Prigozhin has been expanding his activities in Africa through his other venture in recent years. CNN investigations uncovered that the Prigozhin-linked companies sent mercenaries to Syria, the CAR, Sudan among other countries, and scored lucrative mineral and oil contracts. Prigozhin has previously denied being connected to mercenary companies.
Another ad taken down by Facebook pushed for a real-life Russian policy that could help advance Prigozhin’s goals in the CAR. The publication featured a photo of Putin and CAR president Faustin-Archange Touadéra at the Africa summit with a caption urging the UN to lift the arms embargo imposed on the country to allow for Russia’s supplies of heavy weapons.
While in Russia, Touadéra asked Putin for increased military assistance and even floated the idea of hosting a Russian military base.
Russian investigative outlet Proekt previously reported that Prigozhin became interested in soft-power projects in Africa in early 2018.
According to Proekt, his St Petersburg office had prepared for him an extensive research of 20 African countries and laid out possible pathways for creating a network of loyal political strategies on the continent.

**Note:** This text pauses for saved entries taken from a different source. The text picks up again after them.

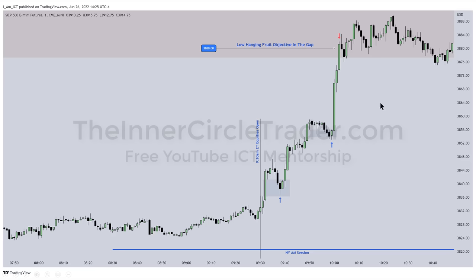Two setups made available on Friday — no retracements, straight to the daily gap. The benefit of knowing the weekly profile is knowing where the draw on liquidity is and where price is likely to go. My private mentorship was told this beforehand — that's the only distinction between public and private mentorship. But I'm actually teaching you how to do these things publicly so you don't need me to hand-hold, though that mentorship was available for people who needed that extra guidance.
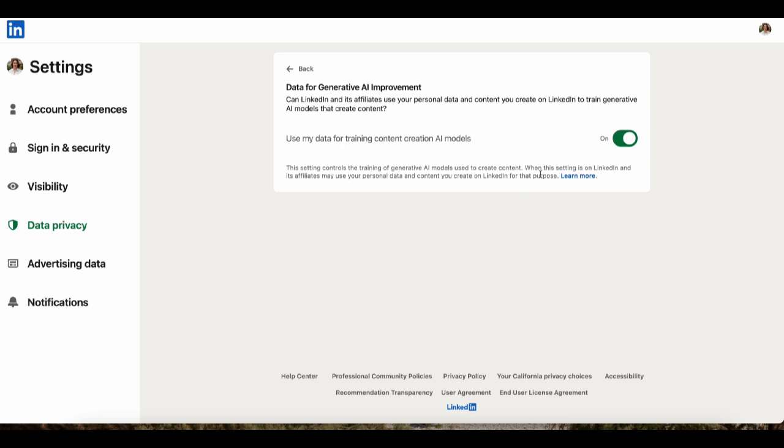It is automatically on for everyone. Go ahead and slide this off. The first of two main reasons I'm opting out of LinkedIn data scraping is that it has our personal details and data — personal data for over 800 million people.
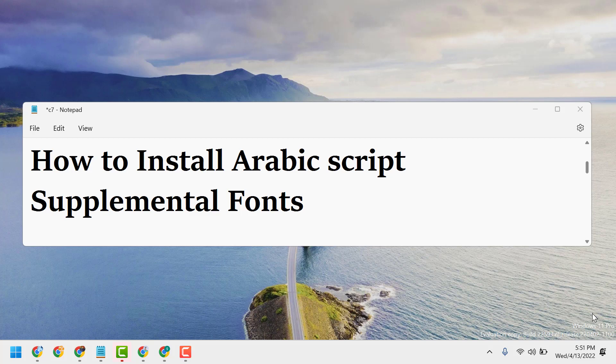In this video I will show you how to install Arabic script supplemental fonts on Windows 11.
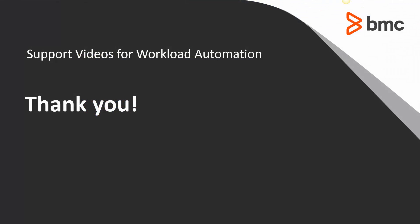Thanks for your time. The Workload Automation Support Team looks forward to helping should you need our assistance.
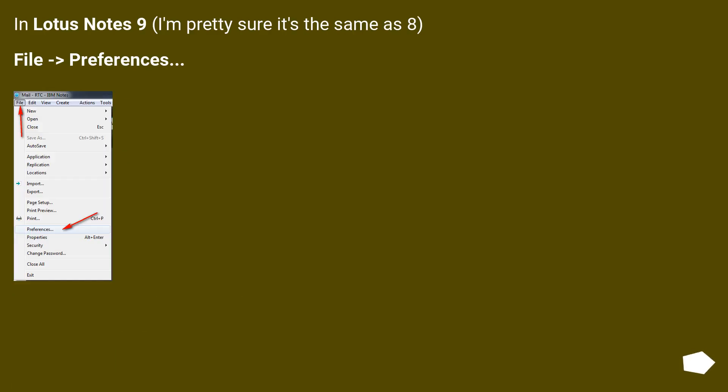In Lotus Notes 9, I'm pretty sure it's the same as 8. File > Preferences.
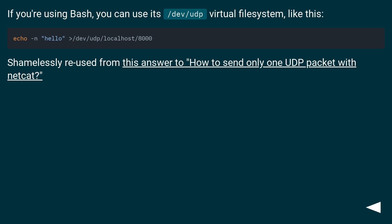If you're using bash, you can use its /dev/udp virtual file system, like this: echo -n "hello" >/dev/udp/localhost/8000. Shamelessly reused from this answer to how to send only one UDP packet with netcat.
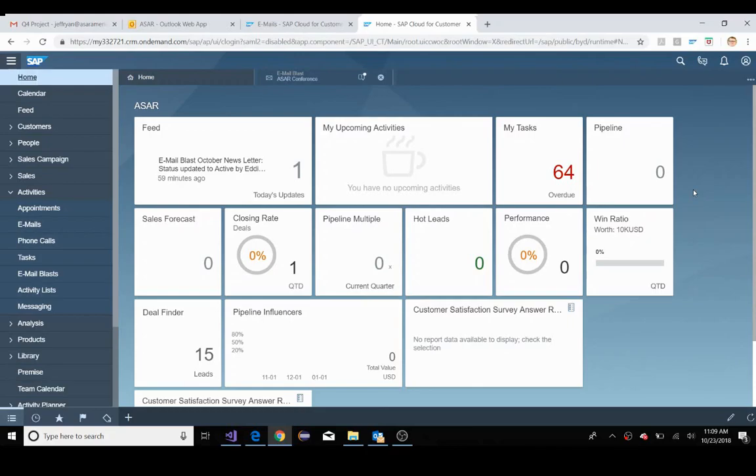Hello, my name is Jeff Ryan. I'm a CX Solutions advisor for ASAR America. In previous videos, I've demonstrated Gmail and Outlook's integration with SAP Sales Cloud. Today, I'll demonstrate how SAP Sales Cloud's out-of-box solution can be used to improve your emailing solutions.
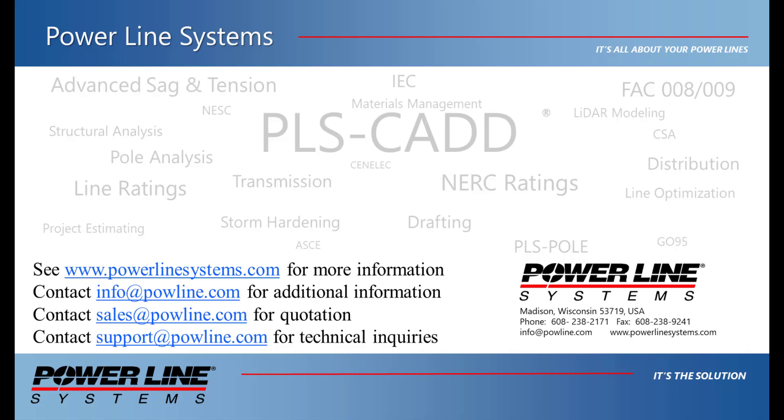If you would like more information about our software, please see our website at www.powerlinesystems.com or contact us at info at powline.com. To receive a quote for purchase or renewal of your license, please contact sales at powline.com. And for any technical inquiries, please contact support at powline.com. Thank you for watching and for your interest in our software, the industry standard in overhead line design.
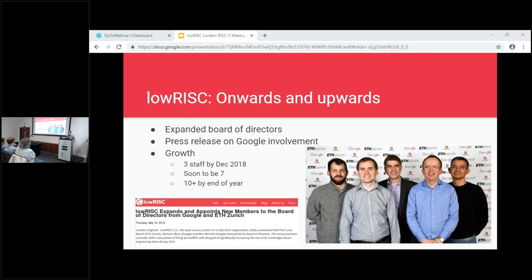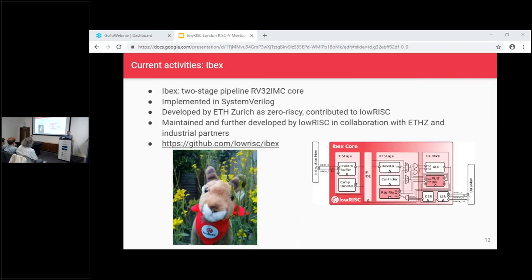We're also pleased to welcome Luca Benini, professor at ETH Zurich and leader of the PULP project, to our board. Our current activities — everything we do will ultimately be open source — include the things which are currently open source, available, and ready for you to jump in, file issues against, and contribute patches.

However, Proekt described the efforts as of mixed success, with political strategists lacking necessary education and Prigohzin-backed candidates not securing the desired seats during local elections.
Malkevich’s efforts are yet to prove effective, but this is just one side of the Russian effort to project political influence onto the continent.
While Putin was courting dozens of African leaders and signing deals to supply more weapons to the continent (some even free of charge), members of his government were pitching another product: training courses with Russian propaganda experts.
Russian officials and state media bosses announced that African journalists are welcome to come to Moscow to training in things like social media engagement with Russian state-owned RT and Sputnik, both outlets mentioned in the Facebook takedown.
“Both Sputnik and RT are ready to go further than just hosting African journalists here for masterclasses, we understand it costs a lot to get to Moscow and can be too expensive for newsrooms in Africa,” said Alexey Volin, Russia’s deputy minister for communications. “We are ready to look into the possibilities of sending specialists from RT and Sputnik to various African countries and set up these masterclasses there on the spot, which will be more beneficial and convenient.”